Instructions for the task >> If a record below holds a picture, drop the picture and copy everything else exactly.

Material provided >>
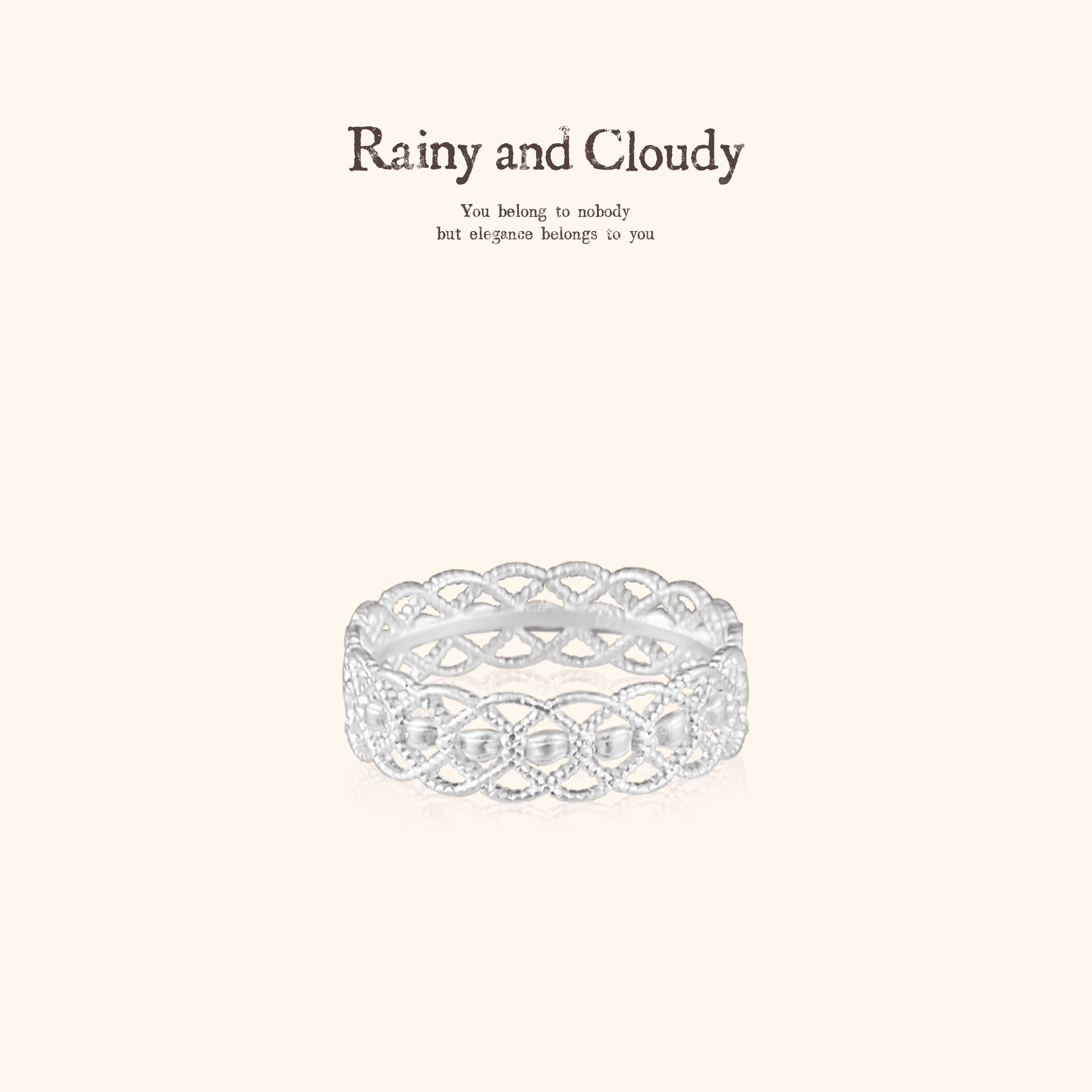 Rainy and Cloudy缎带蕾丝｜镂空宽戒 简约银戒花边蕾丝925银戒指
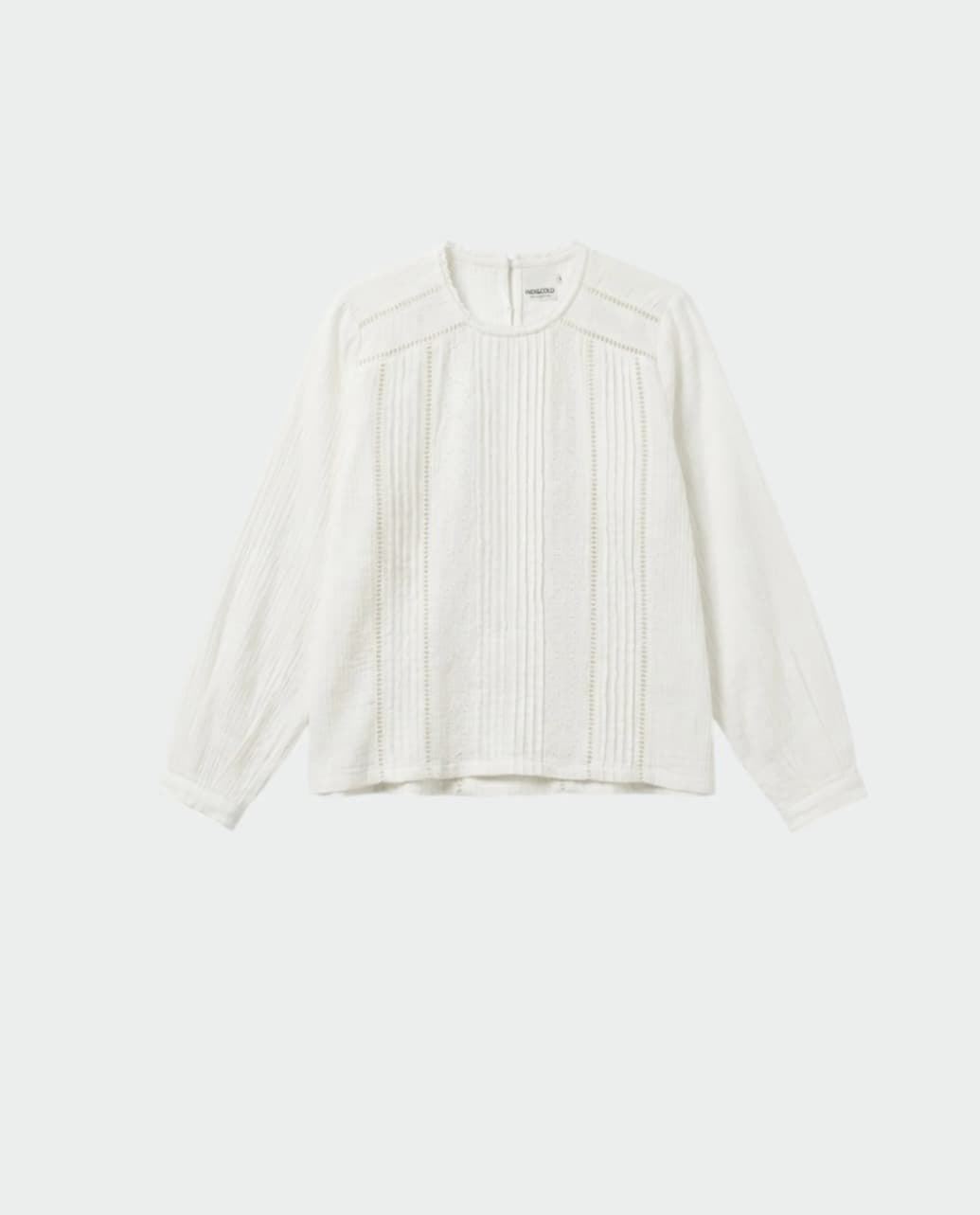 BLUSA Indi & Cold BK161 romántica doble gasa Blanca - Imagen 5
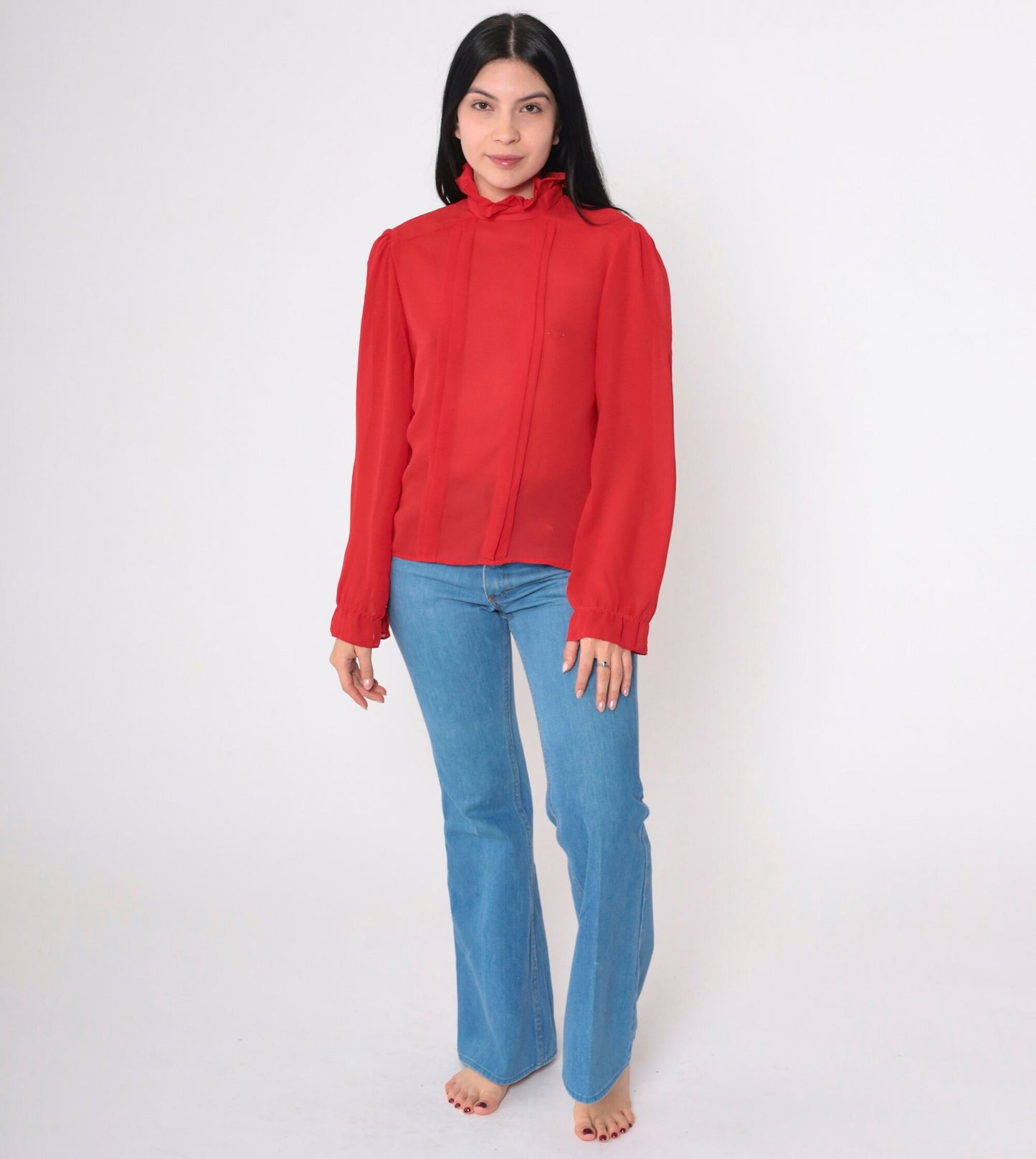 80s Red Puff Sleeve Blouse High Ruffled Neck Pleated Semi-Sheer Medium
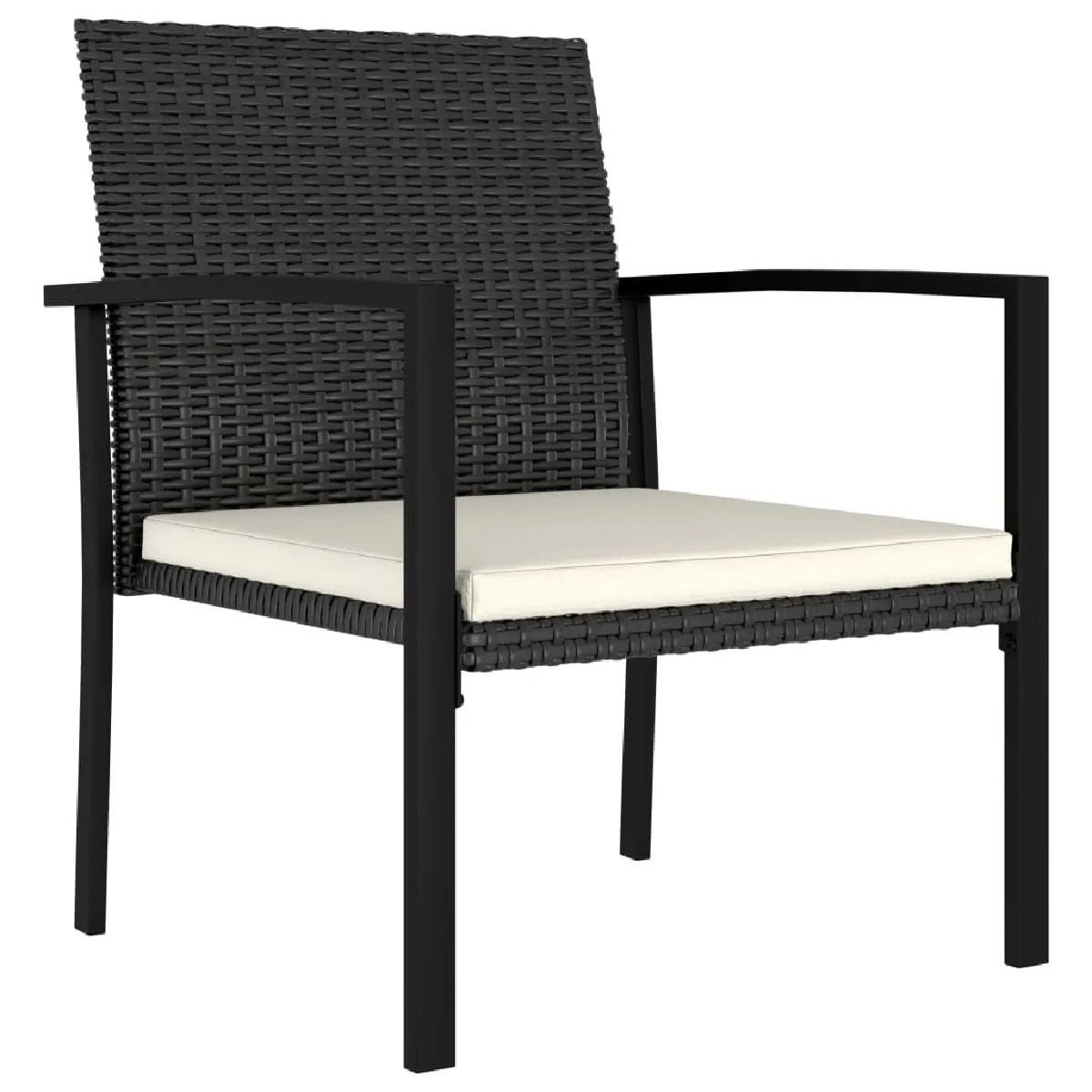 Lot de 2 Chaises de salle à manger de jardin - Fauteuil d'extérieur Résine tressée Noir -MN49398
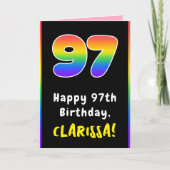 97誕生日:カラフルレインボー# 97,名前をカスタムする カード (正面)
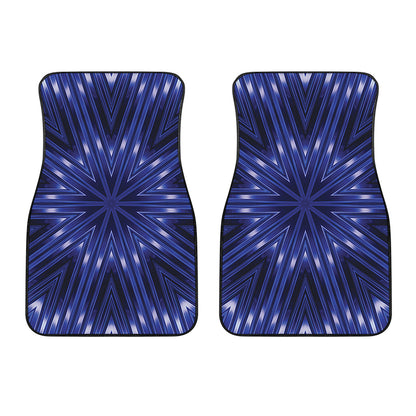 Blue Kaleidoscope Print Front Car Floor Mats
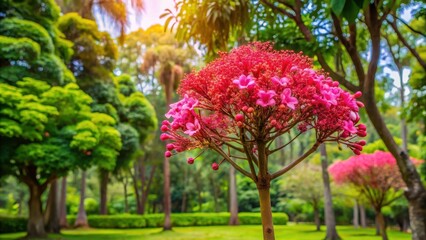 Naklejka premium A single beautiful pink Brachychiton flower blooms in a lush green garden amidst tall trees and vibrant foliage, blossom, pink flower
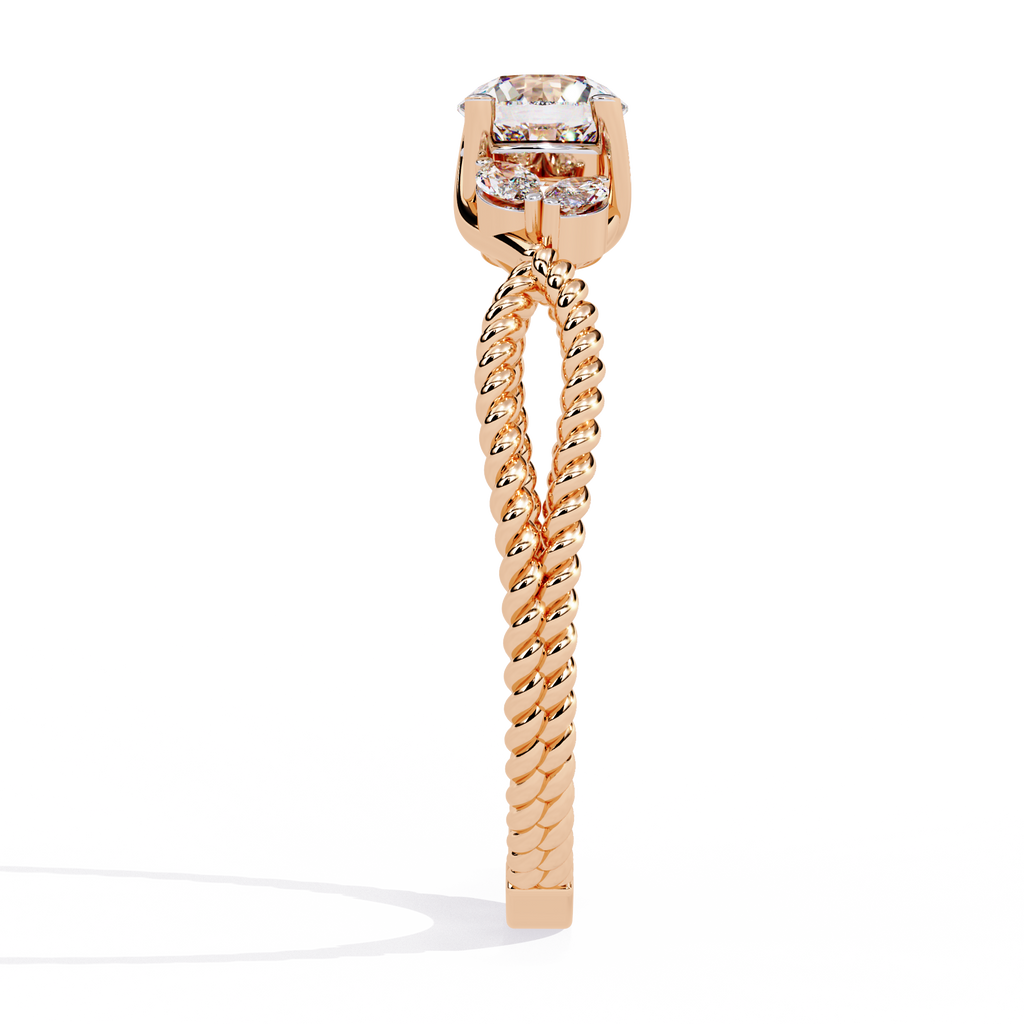 Round Cut Marquise Trio Rope Lab Grown Diamond Ring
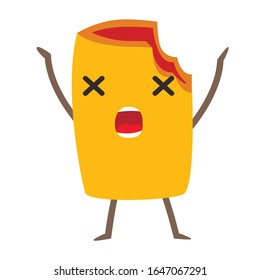 Funny surprised puff with filling vector illustration. Puff character with cute face. Shocked sweet puff emoji. Emotional pastry food. Bakery icon, isolated on white background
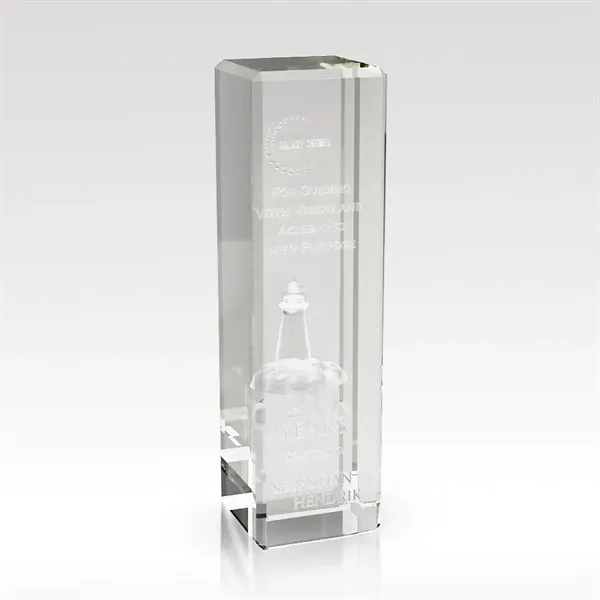 2 3/8" x 8" x 2 3/8" tower shaped award made... from ASI 93986 Visions/Awardcraft / Visions Awards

Response to this task >>
 Rainy and Cloudy缎带蕾丝｜镂空宽戒 简约银戒花边蕾丝925银戒指
 BLUSA Indi & Cold BK161 romántica doble gasa Blanca - Imagen 5
 80s Red Puff Sleeve Blouse High Ruffled Neck Pleated Semi-Sheer Medium
 Lot de 2 Chaises de salle à manger de jardin - Fauteuil d'extérieur Résine tressée Noir -MN49398
 97誕生日:カラフルレインボー# 97,名前をカスタムする カード (正面)
 Blue Kaleidoscope Print Front Car Floor Mats
 Naklejka premium A single beautiful pink Brachychiton flower blooms in a lush green garden amidst tall trees and vibrant foliage, blossom, pink flower
 Round Cut Marquise Trio Rope Lab Grown Diamond Ring
 Funny surprised puff with filling vector illustration. Puff character with cute face. Shocked sweet puff emoji. Emotional pastry food. Bakery icon, isolated on white background
 2 3/8" x 8" x 2 3/8" tower shaped award made... from ASI 93986 Visions/Awardcraft / Visions Awards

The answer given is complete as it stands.